God welcomes the sun in the east,

Farewells the disappearing sun in the west.

God blazes into view, makes an entrance,

Not shy in coming, preceded by starbursts of fireworks.

God summons heaven and earth as a jury,

Taking God’s people to court:

“Round up my saints who swore their loyalty to me.”

The cosmos attests that God is judge, God’s court is fair. (Psalm 50, The Message)

Morning Prayer:  Thank you, Lord, when we as people of faith seem to be speaking a different language than the world about us, for so it was with the earliest followers of Jesus.  Help us embody apostle Paul’s description of the church:  “God’s slaves for Jesus’ sake, a light that should shine out of the darkness.”  May your light shine in our hearts, piercing the veil Caesar is so desperate to place around the gospel, for we make our appeal through him whose death on a cross tore that veil in half, saying …*(Mitchell Simpson, inspired by 2 Corinthians 4)

Prayer of Confession:  Lord, forgive our “Simon Peter Moments,” when we stammer in the presence of your dangerous wonder as Simon did when Jesus was transfigured, clothed in amazing brightness in front of his disciples.  We’ve always found it easier to build shrines in Jesus’ honor than become living shrines of obedience to his commands.  Instead of fretting over “What Would Jesus Do?”, help us ask “What Did Jesus Do?” and then just do it.  Amen.*(Mitchell Simpson, inspired by Mark 9)
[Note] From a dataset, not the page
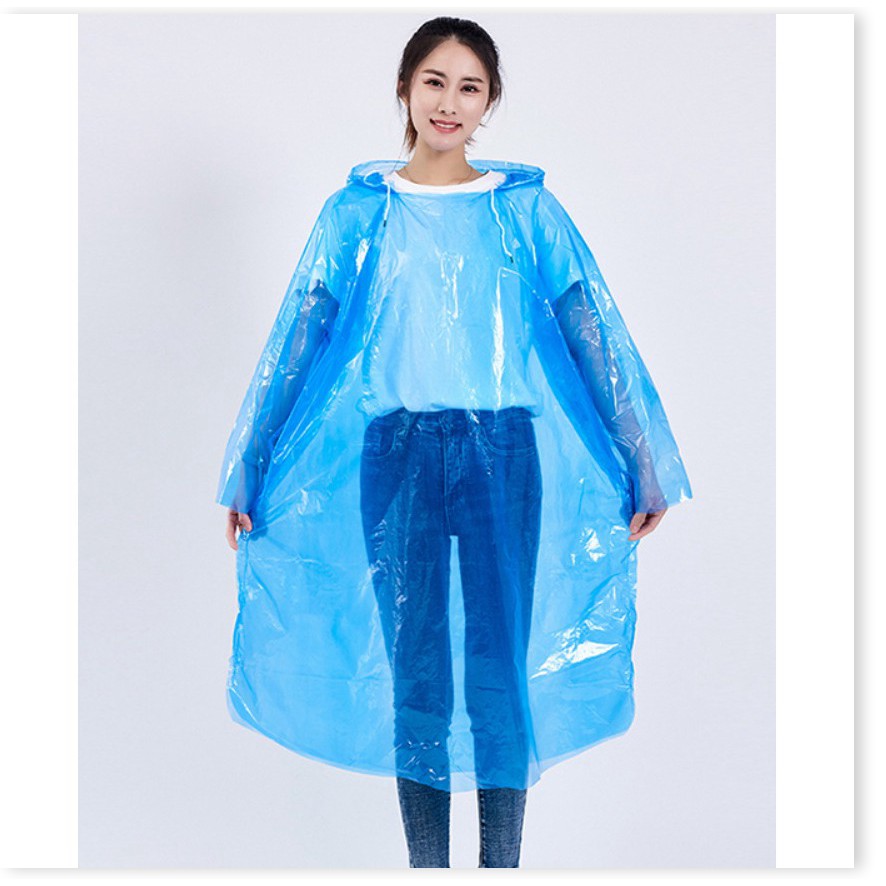 Bộ áo mưa   GIÁ VỐN  Bộ quần áo mưa chống bụi chống nước đi mưa, dày dặn, tiện lợi thích hợp cho đi phượt 7638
Assurance of Pardon:  I have good news.  It turns out God did leave us an instruction book on faith, after all.  Actually, it’s more like an instruction sentence, when God spoke from the cloud after Jesus’ transfiguration:  “This is my Son, whom I dearly love:  Listen to him!”  Thanks be to God for keeping it simple.*(Mitchell Simpson, inspired by Mark 9)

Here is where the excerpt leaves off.